7 Replies Latest reply on Nov 26, 2018 7:34 AM by Joe Oppelt

    Find Duplicate Multiple IDs

    Thiago Alpoin

      Hi Everyone,

       

      Here's my issue:

       

      I have two columns IDs both represent the same product. I would like to find all the 'duplicate' IDs (looking in both columns) and set them in the same bucket (maybe creating a new column).

       

      Attached a worksheet.

       

      Below a graphic representation of what currently is and what I would like to accomplish (manually modified in excel).

       

      Current:

       

      Archive ID 2752305 has two IDs Name (2752305, 309779339). However, the ID Name shows up again in another Archive ID.

      2017-10-23_12-24-38.png

      Goal:

       

      A new column C could be created where it would replicate the Archive ID from a replicated ID_Name

       

      2017-10-23_12-39-43.png

       

      Main Goal:

       

      Once in buckets, the amount was counted 2 or 3 times for the same product. If the product counted more than once, then keep only only - preferable by any Type ID except 15. If there is no NEW COLUMN duplicate, leave as is.

       

      Thank you so much in advance for your help on this.

        • 1. Re: Find Duplicate Multiple IDs
          Joe Oppelt

          Well, here's a start:

           

          You can tell if any [ID Name] is hooked to more than one [Archive ID] as shown in the attached.  (see [Duplicate ID Name?].)

           

          I'm just not sure what you want to do with this.  What if there are 50 [Archive ID]s that some [ID Name] is hooked to?

          • 2. Re: Find Duplicate Multiple IDs
            Thiago Alpoin

            Thank you Joe Oppelt

             

            That's indeed a great start. I didn't think of CountD in a LOD calculation. That's certainly identify the duplicates in the 2nd column.

             

            The highlighted rows represent the same product. Once identified they represented the same product (maybe creating an extra column as exemplified above as Column C), I would like to eliminate the duplicate values leaving only one unique 'Product - Column C'.

             

            If there are 50 Archive IDs that some [ID Name] is hooked to... goal is to eliminate 49 and leave only 1.

             

            2017-10-23_13-34-45.png

             

            Thoughts?

            • 3. Re: Find Duplicate Multiple IDs
              Joe Oppelt

              And in the attached I did three treatments of [NEW COLUMN].  All 3 grabs the lowest value of [Archive ID] among those that have [Archive Type] <> 15. The first just lets the value go NULL if there is no [Archive Type] <> 15.  The second forces a bogus number in there.  the third grabs the MIN [Archive ID] among those that are Type = 15.

               

              It just shows some stuff you can do with the [Duplicate...] calc I made.
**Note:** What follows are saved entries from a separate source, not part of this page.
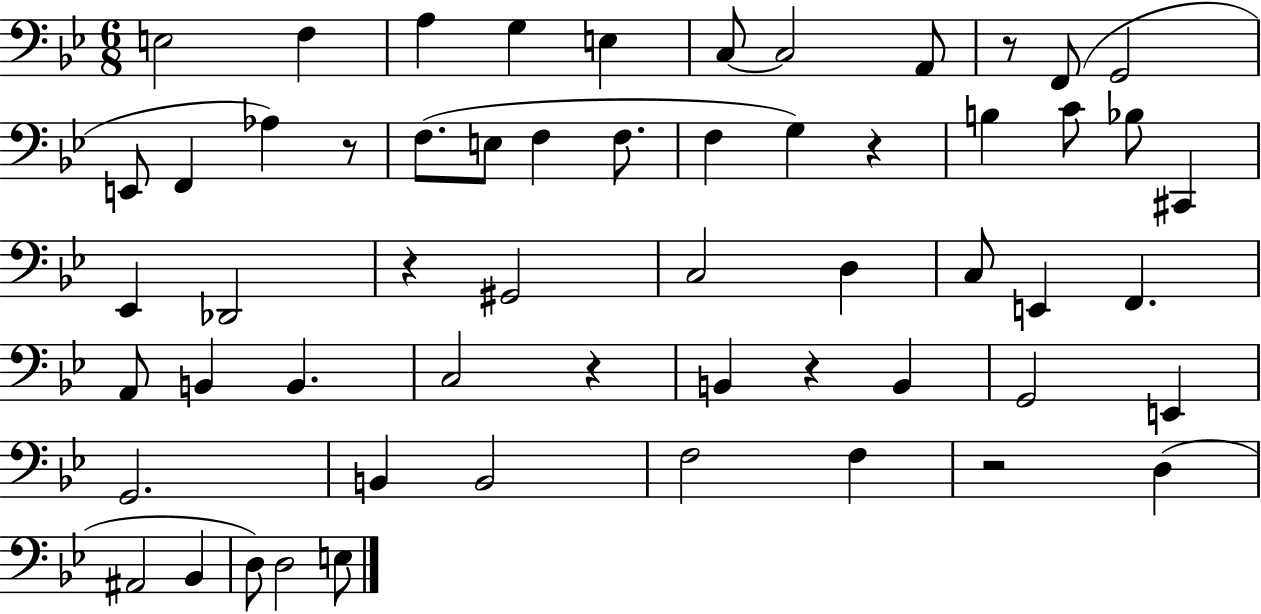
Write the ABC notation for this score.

X:1
T:Untitled
M:6/8
L:1/4
K:Bb
E,2 F, A, G, E, C,/2 C,2 A,,/2 z/2 F,,/2 G,,2 E,,/2 F,, _A, z/2 F,/2 E,/2 F, F,/2 F, G, z B, C/2 _B,/2 ^C,, _E,, _D,,2 z ^G,,2 C,2 D, C,/2 E,, F,, A,,/2 B,, B,, C,2 z B,, z B,, G,,2 E,, G,,2 B,, B,,2 F,2 F, z2 D, ^A,,2 _B,, D,/2 D,2 E,/2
              1 of 1 people found this helpful
              • 4. Re: Find Duplicate Multiple IDs
                Thiago Alpoin

                That's fantastic Joe Oppelt ! Thank you so much

                • 5. Re: Find Duplicate Multiple IDs
                  Thiago Alpoin

                  Hi Joe Oppelt,

                   

                  I have a 'continuation' question with the same data. I create a new discussion, so it's not overwhelmed in here. Because you had a chance to see my data, would you mind to see if you could help me out on my other question?

                   

                  Grand Total Does NOT Update With Parameter Top Filter

                   

                  Thank you in advance for any hint you could give me.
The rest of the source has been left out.